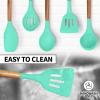 imageZulay Kitchen Utensils Set NonStick Silicone Cooking Utensils Set with Authentic Acacia Wood Handles  5 Piece Silicone Utensil Set  Silicone Kitchen Utensils Set with 464F Heat Resistance  BlueMint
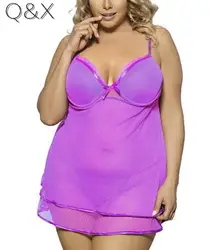 Oy39 Новое поступление плюс Размеры фиолетовая сорочка для Для женщин с платье + G Строка жира сексуальное женское белье жаркое лето дамы Sexy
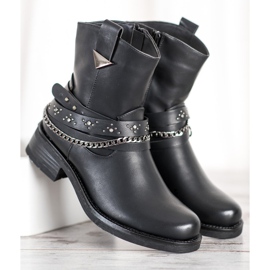 Seastar Bottes de rock à la mode le noir 5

> [WORK REQUEST]:
Provide the listing above once more, exactly, with the pictures removed.

> [FINISHED EXERCISE]:
 imageZulay Kitchen Utensils Set NonStick Silicone Cooking Utensils Set with Authentic Acacia Wood Handles  5 Piece Silicone Utensil Set  Silicone Kitchen Utensils Set with 464F Heat Resistance  BlueMint
 Oy39 Новое поступление плюс Размеры фиолетовая сорочка для Для женщин с платье + G Строка жира сексуальное женское белье жаркое лето дамы Sexy
 Seastar Bottes de rock à la mode le noir 5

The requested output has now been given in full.